La réponse, en référence, est négative; elle rappelle que l'absence de compétence de l'Union européenne dans une matière donnée ne permet pas aux États membres d'exercer leurs compétences au mépris des exigences élémentaires du droit européen, en particulier des règles du marché intérieur.

Par acte authentique du 23 mai 2007, Mme Mattner, ressortissante allemande qui réside aux Pays-Bas depuis plus de 35 ans, a acquis par une donation effectuée à son profit par sa mère, également ressortissante allemande et résidant aux Pays-Bas depuis plus de 50 ans, un terrain bâti, situé à Düsseldorf (Allemagne), d’une valeur de 255.000 EUR.

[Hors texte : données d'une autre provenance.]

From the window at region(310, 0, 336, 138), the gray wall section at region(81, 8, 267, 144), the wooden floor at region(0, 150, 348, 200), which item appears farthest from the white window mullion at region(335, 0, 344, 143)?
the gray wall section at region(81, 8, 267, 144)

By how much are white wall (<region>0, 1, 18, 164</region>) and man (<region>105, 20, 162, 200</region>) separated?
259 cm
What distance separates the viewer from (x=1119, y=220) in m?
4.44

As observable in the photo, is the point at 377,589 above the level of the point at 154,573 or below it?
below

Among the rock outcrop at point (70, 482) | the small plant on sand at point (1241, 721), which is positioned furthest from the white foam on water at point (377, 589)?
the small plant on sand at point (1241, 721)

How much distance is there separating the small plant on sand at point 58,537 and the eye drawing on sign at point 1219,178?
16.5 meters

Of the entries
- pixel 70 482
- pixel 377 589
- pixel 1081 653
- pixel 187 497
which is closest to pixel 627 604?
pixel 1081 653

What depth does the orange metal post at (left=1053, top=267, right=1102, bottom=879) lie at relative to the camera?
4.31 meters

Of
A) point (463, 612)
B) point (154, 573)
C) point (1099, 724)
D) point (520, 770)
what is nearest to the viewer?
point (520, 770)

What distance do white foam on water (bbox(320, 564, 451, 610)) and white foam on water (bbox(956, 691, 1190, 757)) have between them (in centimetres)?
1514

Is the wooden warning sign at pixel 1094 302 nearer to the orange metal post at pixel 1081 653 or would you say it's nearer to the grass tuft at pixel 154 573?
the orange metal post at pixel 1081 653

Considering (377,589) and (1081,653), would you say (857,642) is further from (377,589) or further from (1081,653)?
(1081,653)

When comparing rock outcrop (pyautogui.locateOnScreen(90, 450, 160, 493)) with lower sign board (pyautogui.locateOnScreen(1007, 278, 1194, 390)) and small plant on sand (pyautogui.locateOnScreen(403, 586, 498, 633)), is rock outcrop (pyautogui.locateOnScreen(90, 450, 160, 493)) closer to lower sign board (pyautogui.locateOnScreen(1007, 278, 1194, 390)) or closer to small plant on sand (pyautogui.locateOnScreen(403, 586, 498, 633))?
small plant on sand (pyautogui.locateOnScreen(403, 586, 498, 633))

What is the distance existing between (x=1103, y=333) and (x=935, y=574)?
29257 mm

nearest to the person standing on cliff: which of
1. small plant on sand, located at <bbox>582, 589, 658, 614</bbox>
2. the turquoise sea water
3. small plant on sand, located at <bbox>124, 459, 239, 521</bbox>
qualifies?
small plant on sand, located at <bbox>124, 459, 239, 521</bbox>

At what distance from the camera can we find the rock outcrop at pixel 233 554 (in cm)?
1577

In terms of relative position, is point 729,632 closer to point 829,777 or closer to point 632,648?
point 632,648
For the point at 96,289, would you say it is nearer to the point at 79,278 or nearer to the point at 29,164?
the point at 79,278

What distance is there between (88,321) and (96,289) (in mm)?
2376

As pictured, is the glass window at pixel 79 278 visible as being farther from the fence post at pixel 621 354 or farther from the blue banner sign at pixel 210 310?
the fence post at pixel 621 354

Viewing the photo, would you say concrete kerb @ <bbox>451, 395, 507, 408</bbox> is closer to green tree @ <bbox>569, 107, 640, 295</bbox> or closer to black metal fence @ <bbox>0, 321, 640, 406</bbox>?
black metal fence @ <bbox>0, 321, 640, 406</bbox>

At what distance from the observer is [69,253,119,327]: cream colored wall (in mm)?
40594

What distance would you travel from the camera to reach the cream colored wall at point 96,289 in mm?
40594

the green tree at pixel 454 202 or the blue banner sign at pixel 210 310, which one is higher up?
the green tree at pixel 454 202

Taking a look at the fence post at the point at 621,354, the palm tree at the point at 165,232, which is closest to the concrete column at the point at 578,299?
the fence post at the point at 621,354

Par un avis d’imposition en date du 24 janvier 2008, le Finanzamt a réclamé à Mme Mattner, au titre de la donation dont elle a bénéficié, des droits de mutation d’un montant de 27.929 EUR; ce montant a été obtenu en déduisant de la valeur du terrain un abattement d’un montant de 1.100 EUR et en appliquant à la base imposable en résultant un taux de 11 %.

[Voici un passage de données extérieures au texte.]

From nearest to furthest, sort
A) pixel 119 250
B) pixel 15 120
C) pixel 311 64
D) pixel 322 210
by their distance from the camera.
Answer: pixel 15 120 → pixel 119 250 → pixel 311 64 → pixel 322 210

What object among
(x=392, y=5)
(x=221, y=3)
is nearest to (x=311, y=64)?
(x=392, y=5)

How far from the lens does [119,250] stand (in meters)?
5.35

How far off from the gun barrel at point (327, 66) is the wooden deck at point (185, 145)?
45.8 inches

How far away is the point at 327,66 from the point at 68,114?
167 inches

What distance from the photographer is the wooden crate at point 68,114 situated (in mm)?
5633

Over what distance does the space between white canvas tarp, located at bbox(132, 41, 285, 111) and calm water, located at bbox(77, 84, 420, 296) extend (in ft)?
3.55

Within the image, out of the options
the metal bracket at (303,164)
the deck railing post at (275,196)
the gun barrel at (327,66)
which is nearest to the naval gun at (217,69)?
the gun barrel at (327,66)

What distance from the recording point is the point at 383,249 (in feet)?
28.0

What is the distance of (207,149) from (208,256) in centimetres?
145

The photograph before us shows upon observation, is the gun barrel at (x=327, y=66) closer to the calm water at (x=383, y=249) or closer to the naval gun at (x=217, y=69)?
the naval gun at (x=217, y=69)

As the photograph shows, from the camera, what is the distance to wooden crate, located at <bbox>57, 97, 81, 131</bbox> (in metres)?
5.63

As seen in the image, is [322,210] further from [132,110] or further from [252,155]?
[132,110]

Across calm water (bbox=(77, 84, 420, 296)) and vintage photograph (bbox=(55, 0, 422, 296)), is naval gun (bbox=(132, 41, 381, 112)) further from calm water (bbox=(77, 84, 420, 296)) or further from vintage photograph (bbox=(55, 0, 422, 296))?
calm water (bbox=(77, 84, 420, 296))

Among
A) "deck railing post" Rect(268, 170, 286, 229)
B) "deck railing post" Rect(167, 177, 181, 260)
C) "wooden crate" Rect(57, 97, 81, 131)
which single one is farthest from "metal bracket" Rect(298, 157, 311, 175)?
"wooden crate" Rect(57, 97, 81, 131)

Mme Mattner a introduit devant le Finanzgericht Düsseldorf un recours visant à obtenir le bénéfice de l’abattement de 205.000 EUR prévu pour les donations aux enfants lorsque le donateur ou le bénéficiaire ont leur résidence sur le territoire national à la date à laquelle la donation est effectuée. Par décision du 23 mai 2008, le Finanzamt avait préalablement rejeté la réclamation formée par Mme Mattner contre l'avis d’imposition qui lui avait été délivré.

Le Finanzgericht Düsseldorf a alors interrogé la Cour de justice (question préjudicielle) sur l'interprétation des articles du Traité CE relatifs à la libre circulation des travailleurs, à la liberté d'établissement {{et à la libre circulation des capitaux}} au sujet du calcul des droits de mutation dus en cas de donation d'un terrain construit situé en Allemagne.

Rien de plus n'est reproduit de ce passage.